The reference to the function of the intestine suggests the explanation should be categorized as legitimate functional teleology. It is difficult to predict how much text might be required to reliably categorize a fragment. Despite such uncertainties, there is scope for greater automation of the search process we used. For example, the phrase “in order to conserve” might be used to find cases of legitimate constraint teleology related to conservation laws (for example, “in order to conserve energy,” “in order to conserve momentum,” etc.).

Contemporary accounts suggest there is a lack of agreement over criteria for “good” scientific explanations (Alameh & Abd-El-Khalick, 2018). De Regt and Dieks (2005) and Alameh and Abd-El-Khalick (2018) propose a pragmatic approach to explanation that draws on a “toolbox” of different approaches in different contexts. Rather than expecting there to be definitive rules for categorizing legitimate from illegitimate explanatory approaches, we argue that there is likely to be some scope for interpretation in the classification of cases, and hence, a fully automated approach to text mining may not be possible. Whilst human coding of cases is responsive, it is also time consuming and inconsistent; by contrast, automated coding is rapid and reliable but lacks the flexibility of human intelligence (Heap et al., 2017). A hybrid mining approach (as in our study which used an automated initial search procedure to create a manageable data set for human coding) might have the benefits of both approaches. Text mining can, by reporting patterns of current usage, support the development of recommendations for textbook authors and teachers writing instructional material. In the case of teleology for example, our search suggests that authors and teachers, in the context of physics teleological explanations, are cautious when they use the phrases “and so,” “as,” “in order to,” and “therefore.” In our sample, these phrases were associated with relatively high probabilities of illegitimate uses of teleology (albeit the total incidence of such cases was low). In this way, text-mining approaches have the potential to offer guidance to writers of science education textbooks and other teaching resources about appropriate use of scientific language.

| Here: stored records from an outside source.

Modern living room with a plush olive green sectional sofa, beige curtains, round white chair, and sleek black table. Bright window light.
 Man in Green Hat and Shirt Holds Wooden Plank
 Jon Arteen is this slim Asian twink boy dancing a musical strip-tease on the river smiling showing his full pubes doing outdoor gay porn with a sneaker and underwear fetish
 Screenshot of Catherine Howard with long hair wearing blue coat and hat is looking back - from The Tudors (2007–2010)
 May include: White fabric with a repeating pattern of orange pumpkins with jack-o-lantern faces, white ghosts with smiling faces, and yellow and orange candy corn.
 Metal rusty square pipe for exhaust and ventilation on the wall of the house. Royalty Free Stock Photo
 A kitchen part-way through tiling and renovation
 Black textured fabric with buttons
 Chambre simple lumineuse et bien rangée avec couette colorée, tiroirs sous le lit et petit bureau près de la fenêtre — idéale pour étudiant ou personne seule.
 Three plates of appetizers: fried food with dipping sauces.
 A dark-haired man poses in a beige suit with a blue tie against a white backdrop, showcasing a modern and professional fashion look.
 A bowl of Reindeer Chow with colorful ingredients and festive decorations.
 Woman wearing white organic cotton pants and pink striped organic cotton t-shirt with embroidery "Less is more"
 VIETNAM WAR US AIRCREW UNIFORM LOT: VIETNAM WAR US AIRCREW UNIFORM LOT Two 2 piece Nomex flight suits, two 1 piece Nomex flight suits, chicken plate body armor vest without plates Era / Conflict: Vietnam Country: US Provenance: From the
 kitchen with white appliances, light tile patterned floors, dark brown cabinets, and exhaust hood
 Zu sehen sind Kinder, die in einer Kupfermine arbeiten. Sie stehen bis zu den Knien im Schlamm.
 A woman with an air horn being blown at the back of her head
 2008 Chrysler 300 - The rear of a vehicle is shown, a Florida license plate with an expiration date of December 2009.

The data set used in this study is relatively small (eight texts), and future studies, by drawing on larger corpora, will be able to report generalizable claims about language use in science education texts. For example, it would be interesting to determine patterns in the prevalence of categories of legitimate teleological explanations (e.g., human intention, physiological function, molecular function) in a larger sample of textbooks. More generally, text mining could be used to determine authors’ explanatory approaches in different contexts. Given the suggestion that approaches to explanation are contextual (Alameh & Abd-El-Khalick, 2018; De Regt & Dieks, 2005) and not necessarily clearly determined by theoretical rules, empirical data on usage patterns (for example, what forms of explanation are common in different topics in disciplines?) will be useful data for authors and teachers. Data related to trends in usage over time would also be of interest. We encourage researchers in science education to adopt the text-mining approach—it has the potential to develop novel knowledge about the customary linguistic usage of a field and hence support clarity of communication in science education texts.